Keeping an eye on cycling and running Efficiency Factor (EF) can help you unlock better aerobic fitness on the bike and run. Here’s how…
While it might not get the same limelight as FTP or some other data types in training discussions, Efficiency Factor is a figure that shouldn’t be overlooked when it comes to tracking fitness gains. What’s more, you can use it on the bike with a power meter and on the run using pace.
EF is a way of measuring your efficiency during a workout by establishing the relationship between performance and what that performance costs you. An increase in EF over time shows improving aerobic fitness and helps indicate when you’re ready to take training to the next level.
Cycling Efficiency Factor
On the bike, Efficiency Factor is calculated by dividing your Normalized Power – an average that takes into account variance in power over different terrain – by average heart rate. So, as with all power meter training where you’re looking for maximum data, it’s essential to wear an accurate heart rate monitor.
Looking at your post-ride data, EF is effectively telling you how many watts you can produce per heartbeat. If you can increase the watts for each beat, you’re improving efficiency.
It’s not just aerobic fitness that can improve EF though – technique also comes into play. On the bike, you’ll see many pro triathletes who look completely at one with their steeds. In comparison, some age groupers with poor bike fits look like they’re fighting with their machines – sacrificing efficiency in the process.

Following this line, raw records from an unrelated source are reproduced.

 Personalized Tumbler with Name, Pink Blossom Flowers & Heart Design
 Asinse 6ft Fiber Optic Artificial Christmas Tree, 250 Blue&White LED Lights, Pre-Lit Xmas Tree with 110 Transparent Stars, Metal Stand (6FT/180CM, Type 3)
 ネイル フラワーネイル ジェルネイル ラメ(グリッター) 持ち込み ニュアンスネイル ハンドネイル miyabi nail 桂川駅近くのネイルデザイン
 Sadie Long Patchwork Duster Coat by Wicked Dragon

It’s therefore important to get a great bike fit and work on bike form by utilising drills such as single-leg focus, pedalling in circles, high-cadence reps and sprints to wake up different muscle types.
Running Efficiency Factor
Efficiency Factor for running is calculated by dividing your Normalized Graded Pace – speed automatically adjusted for hills – by average heart rate. Post workout, this essentially tells you the speed you produced per heartbeat.
As fitness and efficiency increase, you’ll be able to hold higher speeds for the same heart rate and your EF figure will be higher.

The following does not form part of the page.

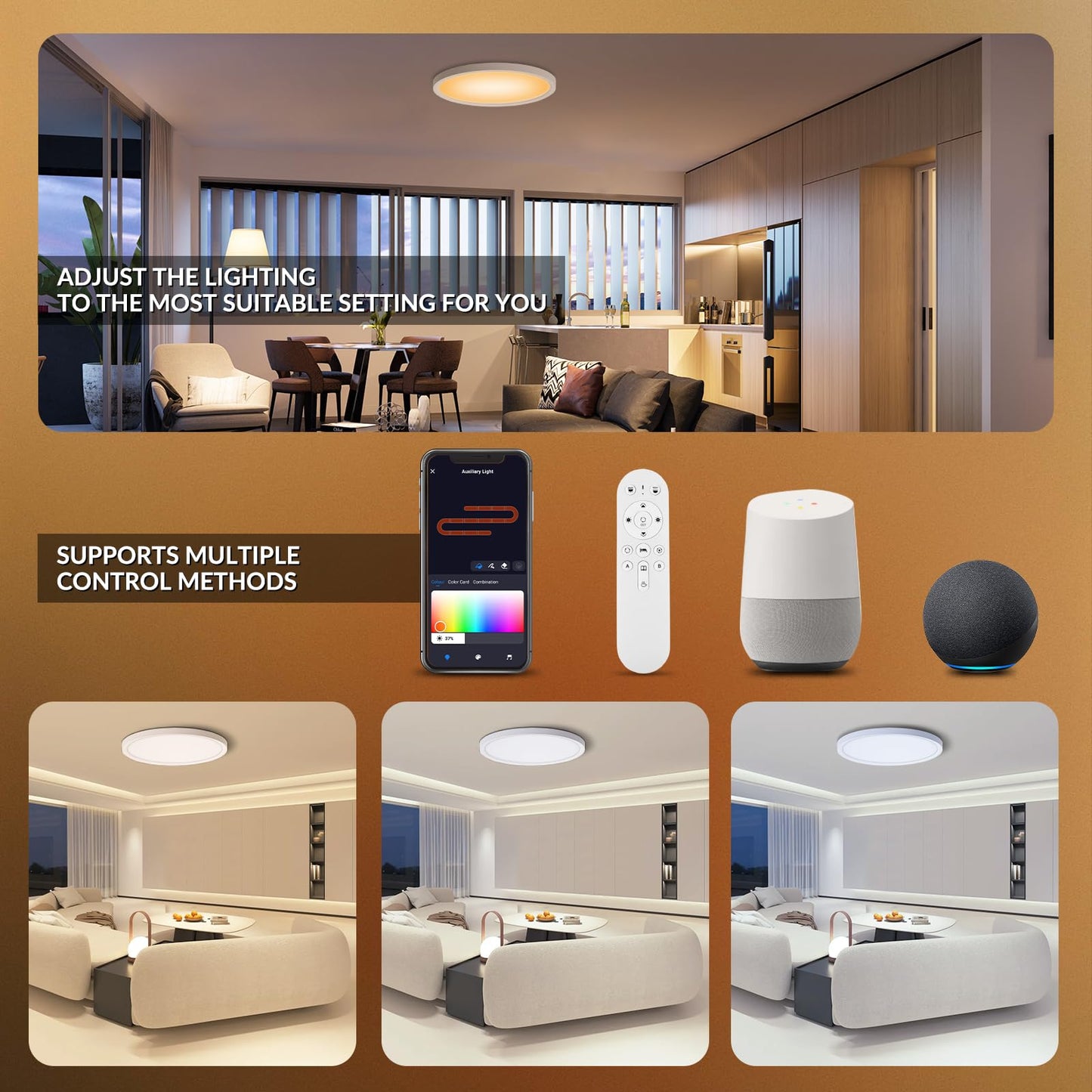 TITISLUMP 2 Pack Smart RGB LED Ceiling Light with Remote, 12" WiFi Flush Mount Ceiling Light Works with Alexa & Google Home, 24W=2400LM Dimmable, DIY Colors & 2700K-6500K, for Bedroom Living Room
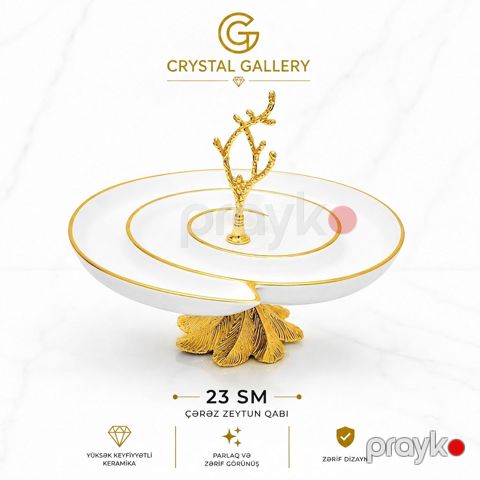 Çərəz qabı Crystal Gallery, 23 sm, 800 ml, Keramika — Bakı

On the run, technique plays a more important role here than while cycling. If you compare the running mechanics of a pro marathon runner to their mid-pack age-group counterpart, the superior efficiency of the pro’s movement is clear to see.
Everything from their cadence to posture and arm movement is optimised with virtually no wasted energy. On the other hand, you’ll often see Ironman age-groupers shuffling, bent at the waist or heel striking.
Working hard to improve your running technique will improve your efficiency – and you’ll see that reflected in your EF figures too.
Monitoring Efficiency Factor Increases
To get the best quality data to track EF improvements it’s best to compare like-for-like sessions undertaken at the same heart rate effort.
As we’re looking for aerobic improvements, these should be steady Zone 2 workouts. This should be around 55 to 74% of FTP on the bike or 73 to 80% of max heart rate on the run.
The courses you use should be as alike as possible, ideally under similar weather, time and fuelling conditions. The more data you gather, the more easily you’ll be able to spot outlying results and discount these – whether due to equipment failure, vastly different temperatures or simply because you’re fatigued from too much training and need a rest.
Over time, you can track your improving aerobic fitness by charting your increases in EF. Ideally the EF should increase over the weeks, but don’t worry if you have the odd dip occasionally – we’re looking for a steady upwards trajectory on the whole.
Whether improving EF purely through advances in aerobic fitness or with a little technique improvement too, increases will usually plateau after a while. This usually indicates you’re ready for the next phase of training – adding harder workouts to make more gains.